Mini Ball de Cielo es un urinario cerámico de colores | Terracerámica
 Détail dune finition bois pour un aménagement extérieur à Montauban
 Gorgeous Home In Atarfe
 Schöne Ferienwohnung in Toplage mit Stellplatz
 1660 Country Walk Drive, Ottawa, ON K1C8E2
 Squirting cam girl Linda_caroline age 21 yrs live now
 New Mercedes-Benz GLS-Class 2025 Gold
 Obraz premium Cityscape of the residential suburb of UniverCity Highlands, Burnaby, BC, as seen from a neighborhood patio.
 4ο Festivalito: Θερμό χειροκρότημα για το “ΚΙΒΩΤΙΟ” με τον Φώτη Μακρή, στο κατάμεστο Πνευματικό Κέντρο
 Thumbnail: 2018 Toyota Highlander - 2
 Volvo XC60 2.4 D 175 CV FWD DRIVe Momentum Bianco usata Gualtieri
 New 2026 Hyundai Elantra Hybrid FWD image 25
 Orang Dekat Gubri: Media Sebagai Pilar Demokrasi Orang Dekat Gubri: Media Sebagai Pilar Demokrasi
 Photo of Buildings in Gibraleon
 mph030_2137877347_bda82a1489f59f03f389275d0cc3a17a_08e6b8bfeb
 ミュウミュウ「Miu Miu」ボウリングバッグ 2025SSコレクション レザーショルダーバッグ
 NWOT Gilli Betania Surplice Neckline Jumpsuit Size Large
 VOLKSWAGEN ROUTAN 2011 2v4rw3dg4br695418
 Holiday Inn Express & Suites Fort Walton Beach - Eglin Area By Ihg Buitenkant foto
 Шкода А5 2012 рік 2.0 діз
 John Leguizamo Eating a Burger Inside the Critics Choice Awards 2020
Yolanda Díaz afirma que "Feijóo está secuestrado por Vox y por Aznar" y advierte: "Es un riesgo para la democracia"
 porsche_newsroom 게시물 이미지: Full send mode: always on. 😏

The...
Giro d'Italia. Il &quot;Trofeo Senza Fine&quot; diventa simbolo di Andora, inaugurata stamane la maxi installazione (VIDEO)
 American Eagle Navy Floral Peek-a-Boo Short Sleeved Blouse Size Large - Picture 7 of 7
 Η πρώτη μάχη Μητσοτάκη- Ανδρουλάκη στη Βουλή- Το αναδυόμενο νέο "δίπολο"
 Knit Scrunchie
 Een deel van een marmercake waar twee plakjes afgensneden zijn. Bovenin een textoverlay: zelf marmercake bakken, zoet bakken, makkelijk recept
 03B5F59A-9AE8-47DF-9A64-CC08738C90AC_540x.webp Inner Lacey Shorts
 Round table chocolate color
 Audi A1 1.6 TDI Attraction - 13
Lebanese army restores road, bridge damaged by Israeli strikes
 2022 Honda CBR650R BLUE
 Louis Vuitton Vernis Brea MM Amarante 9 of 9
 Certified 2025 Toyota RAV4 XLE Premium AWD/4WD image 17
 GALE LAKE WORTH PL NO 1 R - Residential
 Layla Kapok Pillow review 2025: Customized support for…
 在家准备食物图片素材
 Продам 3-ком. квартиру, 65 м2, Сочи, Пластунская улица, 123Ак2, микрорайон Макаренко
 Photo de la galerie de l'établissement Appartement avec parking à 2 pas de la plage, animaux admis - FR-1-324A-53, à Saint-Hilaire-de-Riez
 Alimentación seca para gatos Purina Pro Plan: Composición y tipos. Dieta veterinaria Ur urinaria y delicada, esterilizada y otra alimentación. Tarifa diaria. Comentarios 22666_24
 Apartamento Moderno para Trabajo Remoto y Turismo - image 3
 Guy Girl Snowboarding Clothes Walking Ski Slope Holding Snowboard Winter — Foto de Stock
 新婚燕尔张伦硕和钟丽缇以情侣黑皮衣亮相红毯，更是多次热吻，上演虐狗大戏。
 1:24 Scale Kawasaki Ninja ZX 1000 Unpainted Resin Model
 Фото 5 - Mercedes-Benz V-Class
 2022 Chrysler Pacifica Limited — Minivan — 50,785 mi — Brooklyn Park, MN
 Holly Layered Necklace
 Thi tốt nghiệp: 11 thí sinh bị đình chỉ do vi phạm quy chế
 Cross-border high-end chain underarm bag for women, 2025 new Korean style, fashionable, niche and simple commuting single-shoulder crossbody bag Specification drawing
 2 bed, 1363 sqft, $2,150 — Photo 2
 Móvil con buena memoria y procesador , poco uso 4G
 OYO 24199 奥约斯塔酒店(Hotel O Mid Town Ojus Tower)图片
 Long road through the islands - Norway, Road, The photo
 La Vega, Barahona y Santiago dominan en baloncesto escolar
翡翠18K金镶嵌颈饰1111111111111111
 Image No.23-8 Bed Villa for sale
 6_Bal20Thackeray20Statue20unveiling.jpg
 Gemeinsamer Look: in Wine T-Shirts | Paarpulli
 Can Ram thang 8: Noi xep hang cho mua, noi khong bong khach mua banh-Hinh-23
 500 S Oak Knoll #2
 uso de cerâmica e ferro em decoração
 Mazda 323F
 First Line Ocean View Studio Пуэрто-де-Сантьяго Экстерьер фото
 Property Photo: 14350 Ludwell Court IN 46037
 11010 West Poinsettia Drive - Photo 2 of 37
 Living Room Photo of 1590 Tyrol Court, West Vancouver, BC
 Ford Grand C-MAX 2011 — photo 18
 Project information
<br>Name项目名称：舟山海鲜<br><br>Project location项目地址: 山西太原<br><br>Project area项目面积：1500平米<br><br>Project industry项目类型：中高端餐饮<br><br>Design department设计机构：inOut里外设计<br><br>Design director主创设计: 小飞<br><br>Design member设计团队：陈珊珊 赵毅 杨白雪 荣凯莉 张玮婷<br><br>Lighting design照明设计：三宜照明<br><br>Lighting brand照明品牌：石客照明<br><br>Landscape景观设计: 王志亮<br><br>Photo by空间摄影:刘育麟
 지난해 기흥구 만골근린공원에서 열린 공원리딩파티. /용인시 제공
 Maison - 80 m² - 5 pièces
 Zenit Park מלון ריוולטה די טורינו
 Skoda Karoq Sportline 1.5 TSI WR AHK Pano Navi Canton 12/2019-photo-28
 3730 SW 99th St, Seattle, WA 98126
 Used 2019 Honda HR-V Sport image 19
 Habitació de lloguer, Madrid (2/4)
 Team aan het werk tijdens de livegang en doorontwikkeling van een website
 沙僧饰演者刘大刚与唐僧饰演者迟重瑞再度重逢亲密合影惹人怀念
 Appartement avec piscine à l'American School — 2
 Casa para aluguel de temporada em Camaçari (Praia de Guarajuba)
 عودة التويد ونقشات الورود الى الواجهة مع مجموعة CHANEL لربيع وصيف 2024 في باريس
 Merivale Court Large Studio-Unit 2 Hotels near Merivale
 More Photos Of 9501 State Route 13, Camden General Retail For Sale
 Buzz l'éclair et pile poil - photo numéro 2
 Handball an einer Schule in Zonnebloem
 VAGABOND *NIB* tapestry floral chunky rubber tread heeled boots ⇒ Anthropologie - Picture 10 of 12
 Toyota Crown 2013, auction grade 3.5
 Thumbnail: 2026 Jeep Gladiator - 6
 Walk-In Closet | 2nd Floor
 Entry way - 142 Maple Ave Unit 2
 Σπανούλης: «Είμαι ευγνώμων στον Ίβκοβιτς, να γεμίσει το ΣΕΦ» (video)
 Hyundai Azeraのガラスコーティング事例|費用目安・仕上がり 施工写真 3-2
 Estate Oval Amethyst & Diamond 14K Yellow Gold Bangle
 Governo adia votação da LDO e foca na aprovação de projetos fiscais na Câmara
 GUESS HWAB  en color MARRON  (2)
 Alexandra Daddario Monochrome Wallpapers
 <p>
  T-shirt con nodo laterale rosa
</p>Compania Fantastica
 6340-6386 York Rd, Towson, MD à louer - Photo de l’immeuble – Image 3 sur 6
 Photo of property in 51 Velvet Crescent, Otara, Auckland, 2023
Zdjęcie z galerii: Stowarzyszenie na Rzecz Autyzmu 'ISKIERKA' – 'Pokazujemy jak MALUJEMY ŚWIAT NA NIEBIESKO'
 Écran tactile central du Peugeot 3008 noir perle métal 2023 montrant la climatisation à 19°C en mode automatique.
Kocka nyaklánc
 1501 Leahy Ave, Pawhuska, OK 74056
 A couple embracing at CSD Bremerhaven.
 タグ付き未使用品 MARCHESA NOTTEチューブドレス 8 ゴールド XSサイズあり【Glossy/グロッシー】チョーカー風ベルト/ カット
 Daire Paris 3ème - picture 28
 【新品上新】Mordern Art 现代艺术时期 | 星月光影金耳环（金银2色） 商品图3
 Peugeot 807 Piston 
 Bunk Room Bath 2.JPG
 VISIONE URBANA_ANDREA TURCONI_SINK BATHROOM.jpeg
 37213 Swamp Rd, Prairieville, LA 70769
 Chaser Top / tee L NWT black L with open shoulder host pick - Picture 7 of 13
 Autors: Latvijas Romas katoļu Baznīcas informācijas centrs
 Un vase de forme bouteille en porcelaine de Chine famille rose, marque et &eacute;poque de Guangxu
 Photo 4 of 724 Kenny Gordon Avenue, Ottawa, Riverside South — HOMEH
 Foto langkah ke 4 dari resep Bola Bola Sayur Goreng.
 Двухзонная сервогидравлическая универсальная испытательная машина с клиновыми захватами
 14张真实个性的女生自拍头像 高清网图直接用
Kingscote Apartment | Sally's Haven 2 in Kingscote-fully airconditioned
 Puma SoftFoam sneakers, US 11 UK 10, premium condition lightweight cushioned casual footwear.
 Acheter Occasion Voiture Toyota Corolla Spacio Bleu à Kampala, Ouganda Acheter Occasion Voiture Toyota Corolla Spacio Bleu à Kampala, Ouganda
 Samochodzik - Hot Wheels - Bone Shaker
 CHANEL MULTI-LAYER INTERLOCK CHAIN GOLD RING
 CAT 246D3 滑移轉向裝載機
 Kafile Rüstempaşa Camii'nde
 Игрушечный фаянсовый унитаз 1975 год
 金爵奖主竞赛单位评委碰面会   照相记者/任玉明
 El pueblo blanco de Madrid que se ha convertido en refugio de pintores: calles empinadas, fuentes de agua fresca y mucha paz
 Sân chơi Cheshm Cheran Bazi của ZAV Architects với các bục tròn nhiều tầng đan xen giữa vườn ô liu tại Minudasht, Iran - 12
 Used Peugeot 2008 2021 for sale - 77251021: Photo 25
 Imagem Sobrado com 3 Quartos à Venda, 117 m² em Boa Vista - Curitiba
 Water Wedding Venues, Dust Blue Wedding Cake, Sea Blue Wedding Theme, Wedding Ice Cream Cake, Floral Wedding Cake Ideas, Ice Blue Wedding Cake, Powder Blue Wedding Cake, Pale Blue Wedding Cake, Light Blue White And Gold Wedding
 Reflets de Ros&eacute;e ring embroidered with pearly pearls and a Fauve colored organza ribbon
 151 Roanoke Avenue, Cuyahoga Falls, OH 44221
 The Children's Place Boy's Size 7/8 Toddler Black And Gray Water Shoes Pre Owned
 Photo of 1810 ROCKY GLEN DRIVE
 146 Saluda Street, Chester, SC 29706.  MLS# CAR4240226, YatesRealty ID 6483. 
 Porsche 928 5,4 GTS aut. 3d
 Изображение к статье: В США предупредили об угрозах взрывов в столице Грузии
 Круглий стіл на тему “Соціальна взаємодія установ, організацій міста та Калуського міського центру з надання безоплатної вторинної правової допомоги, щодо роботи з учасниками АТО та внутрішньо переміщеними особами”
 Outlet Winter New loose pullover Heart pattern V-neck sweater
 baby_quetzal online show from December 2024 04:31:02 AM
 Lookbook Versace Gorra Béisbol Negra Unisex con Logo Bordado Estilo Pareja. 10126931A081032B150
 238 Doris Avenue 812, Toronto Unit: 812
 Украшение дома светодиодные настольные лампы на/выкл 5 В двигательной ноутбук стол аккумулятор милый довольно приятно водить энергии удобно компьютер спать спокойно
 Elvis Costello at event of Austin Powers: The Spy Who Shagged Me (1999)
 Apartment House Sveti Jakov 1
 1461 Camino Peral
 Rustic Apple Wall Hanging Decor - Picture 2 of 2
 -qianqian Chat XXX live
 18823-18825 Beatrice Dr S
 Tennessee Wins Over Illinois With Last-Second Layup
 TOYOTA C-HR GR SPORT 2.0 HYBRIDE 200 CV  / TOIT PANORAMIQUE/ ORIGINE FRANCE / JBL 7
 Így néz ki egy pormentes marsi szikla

################

→ WHAT YOU NEED TO DO:
Set the material down exactly as written, starting at its first line. The line containing "Een deel van" is the last one to include.

→ ANSWER SECTION:
Mini Ball de Cielo es un urinario cerámico de colores | Terracerámica
 Détail dune finition bois pour un aménagement extérieur à Montauban
 Gorgeous Home In Atarfe
 Schöne Ferienwohnung in Toplage mit Stellplatz
 1660 Country Walk Drive, Ottawa, ON K1C8E2
 Squirting cam girl Linda_caroline age 21 yrs live now
 New Mercedes-Benz GLS-Class 2025 Gold
 Obraz premium Cityscape of the residential suburb of UniverCity Highlands, Burnaby, BC, as seen from a neighborhood patio.
 4ο Festivalito: Θερμό χειροκρότημα για το “ΚΙΒΩΤΙΟ” με τον Φώτη Μακρή, στο κατάμεστο Πνευματικό Κέντρο
 Thumbnail: 2018 Toyota Highlander - 2
 Volvo XC60 2.4 D 175 CV FWD DRIVe Momentum Bianco usata Gualtieri
 New 2026 Hyundai Elantra Hybrid FWD image 25
 Orang Dekat Gubri: Media Sebagai Pilar Demokrasi Orang Dekat Gubri: Media Sebagai Pilar Demokrasi
 Photo of Buildings in Gibraleon
 mph030_2137877347_bda82a1489f59f03f389275d0cc3a17a_08e6b8bfeb
 ミュウミュウ「Miu Miu」ボウリングバッグ 2025SSコレクション レザーショルダーバッグ
 NWOT Gilli Betania Surplice Neckline Jumpsuit Size Large
 VOLKSWAGEN ROUTAN 2011 2v4rw3dg4br695418
 Holiday Inn Express & Suites Fort Walton Beach - Eglin Area By Ihg Buitenkant foto
 Шкода А5 2012 рік 2.0 діз
 John Leguizamo Eating a Burger Inside the Critics Choice Awards 2020
Yolanda Díaz afirma que "Feijóo está secuestrado por Vox y por Aznar" y advierte: "Es un riesgo para la democracia"
 porsche_newsroom 게시물 이미지: Full send mode: always on. 😏

The...
Giro d'Italia. Il &quot;Trofeo Senza Fine&quot; diventa simbolo di Andora, inaugurata stamane la maxi installazione (VIDEO)
 American Eagle Navy Floral Peek-a-Boo Short Sleeved Blouse Size Large - Picture 7 of 7
 Η πρώτη μάχη Μητσοτάκη- Ανδρουλάκη στη Βουλή- Το αναδυόμενο νέο "δίπολο"
 Knit Scrunchie
 Een deel van een marmercake waar twee plakjes afgensneden zijn. Bovenin een textoverlay: zelf marmercake bakken, zoet bakken, makkelijk recept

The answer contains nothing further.